The Psychosis Research in Southampton Meet-up (PRiSM) was an event hosted by the School of Psychology in December 2019. This event was for people with lived experience of psychosis and those supporting or working with them, to discuss current and new research ideas that could be hosted by the CiMH.
The event started with a talk from organiser Dr Emma Palmer-Cooper about how the School of Psychology is working towards developing co-produced research. Emma explained that this means researchers need to work with people who have an experience of psychosis when designing research, and coming up with research ideas in the first place. It is important to hear what information would be useful to people with direct experience, whether it be about treatments, the way services are run, or understanding why people may develop psychosis in the first place. This set the scene for the rest of the event where staff and students presented research and asked for attendee feedback on ideas, methods and the way results had been interpreted.

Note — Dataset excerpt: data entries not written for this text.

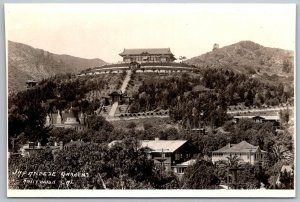 Hollywood California 1940s RPPC Real Photo Postcard Japanese Gardens Hilltop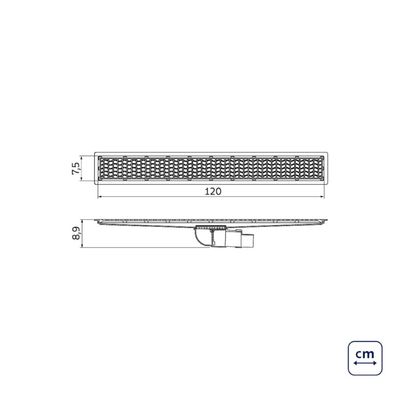 Ralo Neo Hidden Tramontina com Tampa em PVC 120x7,5 cm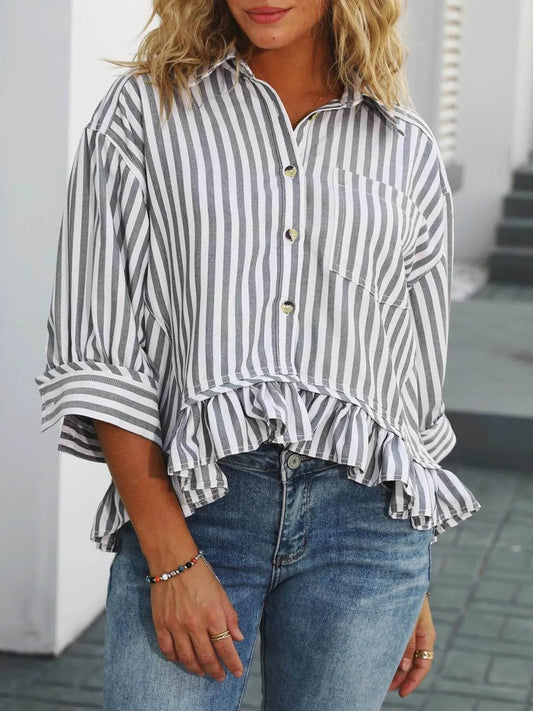 Striped Ruffle Hem Button-Up Shirt - Tredona LLC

We next had co-organiser Dr Katherine Newman-Taylor present work on how attachment theory could help us improve acute care for people with psychosis. This had considerable interest from attendees, with comments including the importance of considering how well wards are run when trying to introduce this work to inpatient care.
Dr Thomas Richardson sought feedback about his idea for a psychological model of why cannabis use is associated with psychosis, which includes risk factors such as trauma, family history of psychosis, cannabis strength, and age of first use. This also drew lots of interest and audience comments, including the social and conversational skills of people being interviewed in the study. Future work was suggested to investigate why people use cannabis, such as the impact of peer pressure, and if these factors can influence the model.
Next, we had had co-organiser Dr Tess Maguire proposing research into how Primary Care services (such as psychological therapy services linked to GPs) can screen for early signs of psychosis, help monitor whether people get the help they need, and see if services for depression and anxiety can be used or adapted for early intervention psychosis support. This would hopefully identify people before they required more intensive or hospital care for their distressing experiences. There was a lot of audience support for this idea, as self-referral to therapies and screening could help people get support quicker.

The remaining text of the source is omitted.